Le changement d'heure actuel, qui permet de faire reculer notre consommation d'électricité, est donc indirectement un bienfait pour l'environnement. "L'éclairage faisant appel à des moyens de production électrique en partie carbonés, ces économies représentent un gain de l'ordre de 50.000 tonnes de C02", a ainsi calculé de son côté l'Ademe.
… et pour notre coordination avec le Soleil
Conserver l'heure d'été et supprimer définitivement l'heure d'hiver mettrait la France en décalage important avec le soleil.
En effet, la France, avant sa décision de 1976, avait déjà une heure de décalage sur l'heure solaire.
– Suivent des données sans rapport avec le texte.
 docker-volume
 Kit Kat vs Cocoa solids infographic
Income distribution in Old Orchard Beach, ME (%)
En 1945, Paris avait décidé de se caler sur GMT+1 heure dans un souci de compromis entre l'heure de Greenwich et l'heure allemande (GMT+2 heures). Avec le changement d'heure décidé en 1976, le décalage s'est aggravé : quand elle est en heure d'été, la France est en décalage de deux heures d'avec les horaires naturels.
A la clé, ce sont des "difficultés accrues", note le Sénat dans son rapport. L'heure d'été, pendant les jours plus courts de l'hiver, "aura pour conséquence que le lever du jour ne se produira qu'entre neuf et dix heures, heure légale, soit bien après le commencement des activités, notamment celui des horaires scolaires".